For the second time this week, an 11-year-old Small Business Administration program to help develop minority businesses is being criticized for straying from its intended purpose.
A General Accounting Office report released yesterday said the program lacks qualified managers and staff, offers minority firms too little help, does not spend money creatively enough, and pays too little attention to the needs of the firms it serves. The program, known as "8(a)" from the section of the law that created it, awards businesses owned by disadvantaged persons non-competive government contracts, in an attempt to help them grow to the point where they will be able to compete for contracts without special help.
It has given out 14,233 such contracts since 1967, totaling $1.6 billion, the GAO said.
But the GAO report, said most of the businesses don't get enough help from SBA to reach the point where they no longer need the program. That conclusion echoed the findings of a special SBA review committee which were issued Monday.
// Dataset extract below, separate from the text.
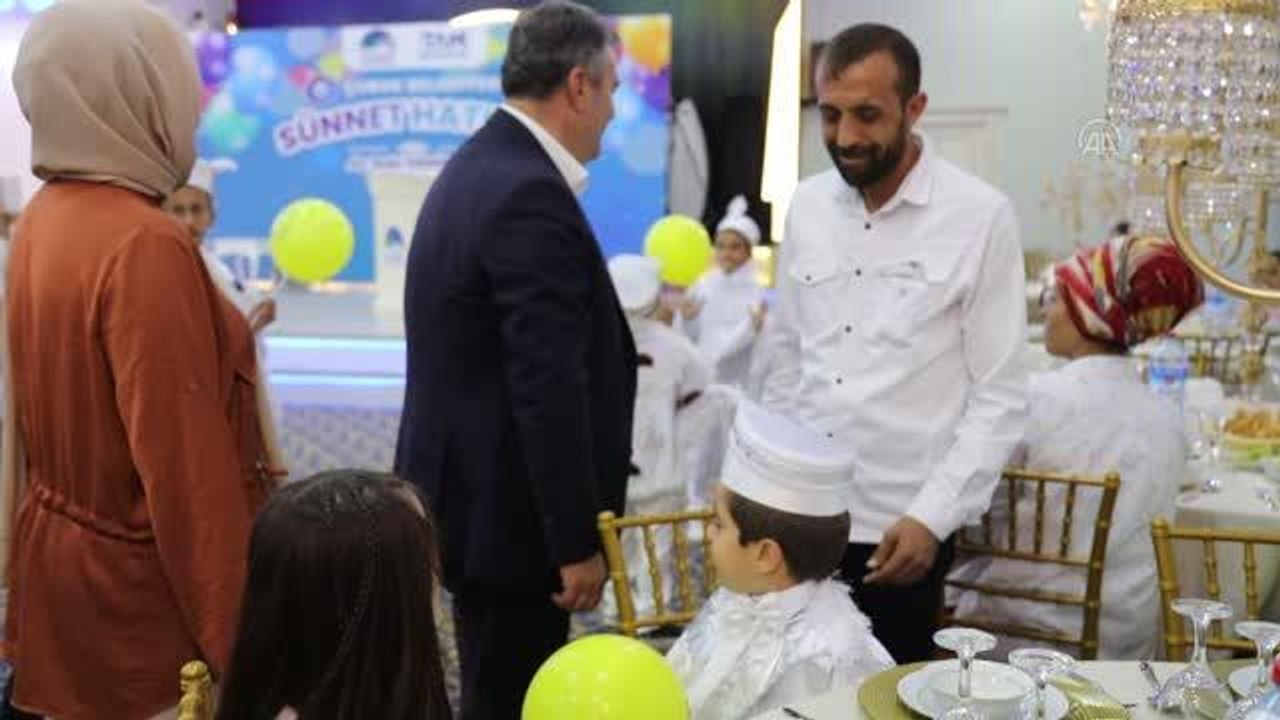 Ankara gündem haberleri: Çubuk'ta toplu sünnet şöleni
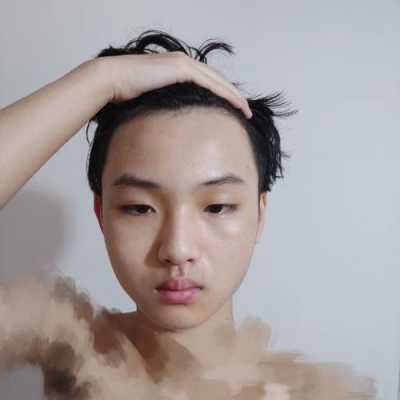 我是一个只拥有侧脸美的男生，正脸我就是一个国字脸，难看啊，我该怎么办,大国字脸女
The GAO said of 3,704 businesses which have taken part in the program since 1967, only 139 "graduated" from it to compete on their own.
Some of the reasons, the GAO said, include contracts that don't match the needs of the firms, inadequate information in SBA files on what the firms need, inadequate staffing of the program by SBA, SBA staff members who are not committed to the program, inaccurate or missing records, and too little help from the Commerce Department's Office of Minority Business Enterprise.
The GAO report is one of a series that have been critical of the program over the years. Many of the same problems were cited in a 1975 GAO report.
Congressional hearings into abuses of the 8(a) program were held last summer, based on reports that under the Nixon administration, white businessmen shiphoned off millions of dollars by putting blacks in phony executive positions in companies the whites controlled.
One recurring problem, the GAO said, is SBA's failure to spend all of the business development funds which Congress allocates for the program.
Since 1972, $56 million has been allocated, but SBA spent only $44.3 million, the GAO said. Problems resulting from this, it said, include lower profit margins and fewer contracts for minority businesses.
One of the GAO recommendations - a larger, better trained staff - was similar to a recommendation made by the review committee in the critical report released Monday.
That committee was headed by Patricia M. Cloherty, deputy administrator of SBA.